> About this task
Begin at the line below that has "Funda púrpura 360º" and stop after the line that has "Cornwall Yurts at". Please restate only those lines, word for word.

Short text fragments from websites:
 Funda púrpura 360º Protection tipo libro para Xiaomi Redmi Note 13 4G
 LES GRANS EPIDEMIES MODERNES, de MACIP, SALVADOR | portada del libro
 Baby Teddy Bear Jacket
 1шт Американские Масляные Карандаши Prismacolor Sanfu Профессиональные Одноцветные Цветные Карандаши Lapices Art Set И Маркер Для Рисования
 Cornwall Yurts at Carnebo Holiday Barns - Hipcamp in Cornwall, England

* * *

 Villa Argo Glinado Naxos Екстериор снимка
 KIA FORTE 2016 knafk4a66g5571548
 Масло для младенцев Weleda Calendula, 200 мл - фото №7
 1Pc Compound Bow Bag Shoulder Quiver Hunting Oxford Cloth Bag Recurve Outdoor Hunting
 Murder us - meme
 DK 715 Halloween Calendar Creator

> Result of this exercise
 Funda púrpura 360º Protection tipo libro para Xiaomi Redmi Note 13 4G
 LES GRANS EPIDEMIES MODERNES, de MACIP, SALVADOR | portada del libro
 Baby Teddy Bear Jacket
 1шт Американские Масляные Карандаши Prismacolor Sanfu Профессиональные Одноцветные Цветные Карандаши Lapices Art Set И Маркер Для Рисования
 Cornwall Yurts at Carnebo Holiday Barns - Hipcamp in Cornwall, England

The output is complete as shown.